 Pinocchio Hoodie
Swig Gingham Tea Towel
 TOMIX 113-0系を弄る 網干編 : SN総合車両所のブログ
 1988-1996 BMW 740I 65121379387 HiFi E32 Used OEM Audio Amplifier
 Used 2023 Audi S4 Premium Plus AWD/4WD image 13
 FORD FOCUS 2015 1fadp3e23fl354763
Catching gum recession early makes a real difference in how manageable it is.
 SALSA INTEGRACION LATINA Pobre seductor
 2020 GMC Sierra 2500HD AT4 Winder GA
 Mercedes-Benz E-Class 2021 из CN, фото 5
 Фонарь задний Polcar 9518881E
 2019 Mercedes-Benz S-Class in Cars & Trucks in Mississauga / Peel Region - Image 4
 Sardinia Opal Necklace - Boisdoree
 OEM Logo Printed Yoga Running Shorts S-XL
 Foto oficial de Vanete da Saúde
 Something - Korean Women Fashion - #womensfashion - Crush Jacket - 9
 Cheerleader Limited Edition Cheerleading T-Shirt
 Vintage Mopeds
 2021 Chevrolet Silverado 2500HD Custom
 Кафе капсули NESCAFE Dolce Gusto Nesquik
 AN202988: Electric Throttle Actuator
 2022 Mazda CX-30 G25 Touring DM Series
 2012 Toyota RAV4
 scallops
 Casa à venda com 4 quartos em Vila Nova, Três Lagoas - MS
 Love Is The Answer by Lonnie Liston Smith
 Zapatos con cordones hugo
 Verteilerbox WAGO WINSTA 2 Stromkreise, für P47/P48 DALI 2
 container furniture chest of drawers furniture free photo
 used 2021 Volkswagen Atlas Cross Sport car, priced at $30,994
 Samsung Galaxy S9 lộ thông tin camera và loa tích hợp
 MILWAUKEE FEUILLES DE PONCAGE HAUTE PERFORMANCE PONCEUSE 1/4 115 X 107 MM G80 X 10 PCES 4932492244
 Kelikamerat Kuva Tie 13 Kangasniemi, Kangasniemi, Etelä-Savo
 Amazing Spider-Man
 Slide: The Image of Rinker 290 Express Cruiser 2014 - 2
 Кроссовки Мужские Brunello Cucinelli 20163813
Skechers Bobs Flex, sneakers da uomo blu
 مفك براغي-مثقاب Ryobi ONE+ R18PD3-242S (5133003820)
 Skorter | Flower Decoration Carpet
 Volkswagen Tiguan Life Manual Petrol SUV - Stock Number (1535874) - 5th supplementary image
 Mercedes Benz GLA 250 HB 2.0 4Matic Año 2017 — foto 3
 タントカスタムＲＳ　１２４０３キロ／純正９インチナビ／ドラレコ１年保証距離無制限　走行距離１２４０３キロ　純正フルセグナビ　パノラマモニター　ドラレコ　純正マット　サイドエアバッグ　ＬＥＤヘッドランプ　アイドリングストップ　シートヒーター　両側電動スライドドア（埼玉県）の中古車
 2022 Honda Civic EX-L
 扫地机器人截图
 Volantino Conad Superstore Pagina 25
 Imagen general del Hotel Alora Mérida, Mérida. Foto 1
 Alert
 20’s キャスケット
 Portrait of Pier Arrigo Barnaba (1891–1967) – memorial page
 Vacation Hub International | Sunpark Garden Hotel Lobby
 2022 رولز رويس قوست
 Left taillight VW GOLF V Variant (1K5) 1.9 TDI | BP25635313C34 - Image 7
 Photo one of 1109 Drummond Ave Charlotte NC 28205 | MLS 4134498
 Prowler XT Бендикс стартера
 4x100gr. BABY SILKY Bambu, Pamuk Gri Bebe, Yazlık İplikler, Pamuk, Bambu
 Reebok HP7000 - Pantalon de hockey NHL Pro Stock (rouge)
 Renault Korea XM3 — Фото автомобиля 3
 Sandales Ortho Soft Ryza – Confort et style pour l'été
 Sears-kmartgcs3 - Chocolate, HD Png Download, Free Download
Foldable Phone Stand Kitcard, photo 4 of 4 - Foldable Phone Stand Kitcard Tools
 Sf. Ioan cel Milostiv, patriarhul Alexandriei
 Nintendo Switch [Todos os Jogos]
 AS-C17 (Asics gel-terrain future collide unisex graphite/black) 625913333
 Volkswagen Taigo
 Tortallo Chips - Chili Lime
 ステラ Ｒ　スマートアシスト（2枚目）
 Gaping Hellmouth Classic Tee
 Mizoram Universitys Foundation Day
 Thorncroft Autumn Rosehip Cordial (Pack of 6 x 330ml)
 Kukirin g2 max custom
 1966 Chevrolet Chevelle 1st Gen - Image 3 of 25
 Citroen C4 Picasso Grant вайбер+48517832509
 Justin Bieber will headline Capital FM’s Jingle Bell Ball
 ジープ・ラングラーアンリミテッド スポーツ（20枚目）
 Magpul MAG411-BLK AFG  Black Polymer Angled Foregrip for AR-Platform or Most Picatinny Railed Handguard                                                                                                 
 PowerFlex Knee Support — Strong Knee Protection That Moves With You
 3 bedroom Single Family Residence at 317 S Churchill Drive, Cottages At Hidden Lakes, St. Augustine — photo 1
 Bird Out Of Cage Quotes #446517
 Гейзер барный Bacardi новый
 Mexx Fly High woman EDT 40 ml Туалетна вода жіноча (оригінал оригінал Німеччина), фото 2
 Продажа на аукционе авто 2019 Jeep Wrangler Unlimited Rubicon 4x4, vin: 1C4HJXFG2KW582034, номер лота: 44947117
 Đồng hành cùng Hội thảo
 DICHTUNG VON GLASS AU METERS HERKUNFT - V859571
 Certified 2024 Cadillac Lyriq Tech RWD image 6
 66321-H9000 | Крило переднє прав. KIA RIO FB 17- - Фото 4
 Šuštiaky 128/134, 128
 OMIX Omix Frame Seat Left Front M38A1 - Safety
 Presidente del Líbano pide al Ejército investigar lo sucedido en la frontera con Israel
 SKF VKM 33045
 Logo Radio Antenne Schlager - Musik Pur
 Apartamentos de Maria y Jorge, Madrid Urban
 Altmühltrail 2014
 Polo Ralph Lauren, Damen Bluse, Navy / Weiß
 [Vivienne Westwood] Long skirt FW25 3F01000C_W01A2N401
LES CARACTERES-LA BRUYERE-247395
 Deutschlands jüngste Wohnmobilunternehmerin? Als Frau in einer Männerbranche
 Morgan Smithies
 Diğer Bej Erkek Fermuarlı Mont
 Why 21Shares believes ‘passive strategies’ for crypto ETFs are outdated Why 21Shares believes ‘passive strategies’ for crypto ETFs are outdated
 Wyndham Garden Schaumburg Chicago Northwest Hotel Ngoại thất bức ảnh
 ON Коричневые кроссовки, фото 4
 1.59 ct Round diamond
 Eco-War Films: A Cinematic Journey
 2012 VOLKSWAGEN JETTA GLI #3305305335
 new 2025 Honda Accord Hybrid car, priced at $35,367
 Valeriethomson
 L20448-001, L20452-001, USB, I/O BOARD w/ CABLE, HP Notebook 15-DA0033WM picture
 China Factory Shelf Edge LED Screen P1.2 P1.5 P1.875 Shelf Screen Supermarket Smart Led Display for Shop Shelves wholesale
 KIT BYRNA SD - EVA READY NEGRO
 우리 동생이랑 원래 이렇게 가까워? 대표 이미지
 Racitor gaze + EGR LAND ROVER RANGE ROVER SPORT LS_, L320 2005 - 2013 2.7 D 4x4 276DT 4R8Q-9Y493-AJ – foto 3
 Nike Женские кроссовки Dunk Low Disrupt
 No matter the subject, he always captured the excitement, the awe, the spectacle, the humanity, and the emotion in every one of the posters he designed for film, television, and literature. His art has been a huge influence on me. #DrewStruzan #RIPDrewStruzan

:::::

● WHAT TO PRODUCE: Where the string "Hotel" occurs in a line above, count that line, and report solely the final figure.

● REPLY: 3